As a Denver native, Cleo Parker Robinson has always been an iconic powerhouse in the dance world. She founded the 48-year-old Cleo Parker Robinson Dance Ensemble (CPRDE) and serves as its artistic director, dancer and a choreographer. Her illustrious career gifted iconic works like Ellingtonia, Barrel House Blues and Ragtime to the Denver dance scene — performances that will be featured this weekend in her new, three-performance season of Rhapsody in Black.

Cleo Parker Robinson in 1996. Photo courtesy of Cleo Parker Robinson

When asked about dance, Cleo stated “dance is a powerful conduit to understanding, to get to know your self into a new place of transformation. It helps you understand and overcome racism, sexism, and go to a new place of deep caring. It teaches trust, compassion, and with passion. Dance has also been the way to invoke courage and speak out against injustice of all kinds.”

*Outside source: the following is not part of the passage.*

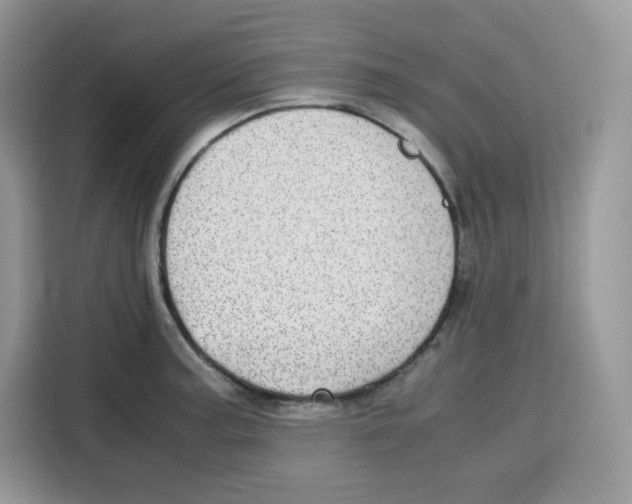 X0000115101187200911241227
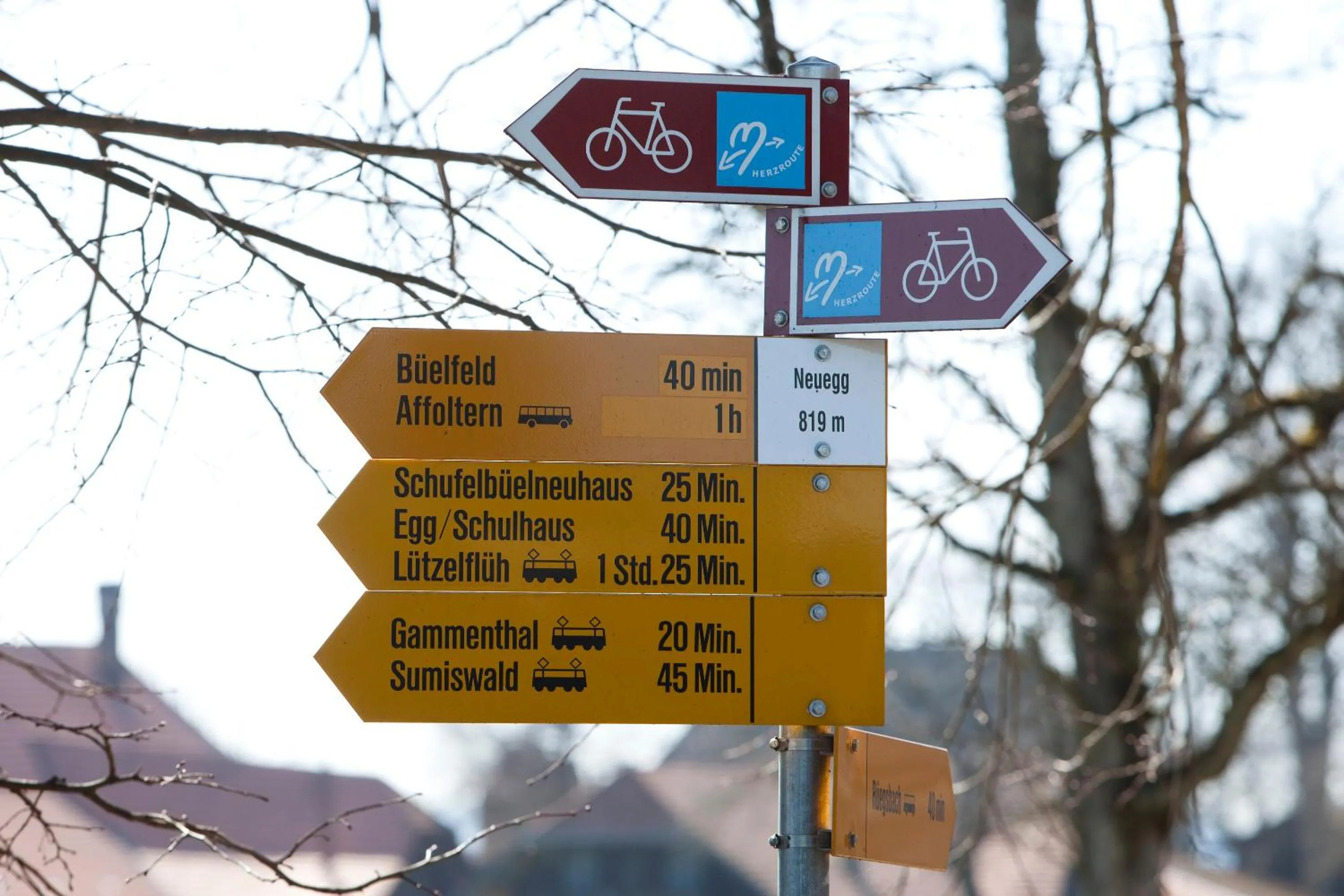 Horse-riding in Landgasthof und Seminarhotel Lueg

This is a special milestone performance as it will be Cleo Parker Robinson’s last performance of Barrel House Bluesa dance role she has held for a whopping 24 years after her mentor, Katherine Dunham — at the age of 70.  This legacy will then be passed into the hands of Chloe Abel, the CPRDE’s principal dancer.

Rhapsody in Black explores and celebrates the “cultural dynamics of Black Americans in Paris” with prominent figures like Josephine Baker, Katherine Dunham, James Baldwin and Langston Hughes. Also stated in the press release, “Cleo Parker Robinson and CPRDE Associate Artistic Director, Winifred R. Harris, are premiering their new collaborative work, Rhapsody in Black, which delves into the intricate and passionate lives of African-American artists, musicians, dancers, poets, and activists who found a home for their creative and social vision”. The performance will feature music from George Gershwin, Duke Ellington and Nina Simone. Robinson will be collaborating with Dr. Michael A. Williams as music director and Denver vocalist, Linda Theus-Lee.

Cleo Parker Robison. Photo by Candace Peterson.

While this weekend denotes the passing of the baton of an iconic dance role from a powerful legacy, Cleo Parker Robinson is not finished just yet. She will continue to choreograph and teach dance. Another opportunity to see her dance will take place in December of this year, when she performs in Granny Dances To A Holiday Drum.  

 

When asked about how she feels about this final performance, she gave a beautiful response about passing on the legacy: “I’m blessed to perform her work and that she [Dunham] and I were able to work together. I won’t say this is final; she passed on her work to me, I’m passing it on to others so it can live on. I want to pass this on as she passed it on to me. I’m able to dance; she taught it from a wheelchair. I will continue to teach her work and will always pass on her [Dunham’s] spirit.”

Do not miss out on this beautiful opportunity to celebrate a part of Cleo Parker Robinson’s legacy.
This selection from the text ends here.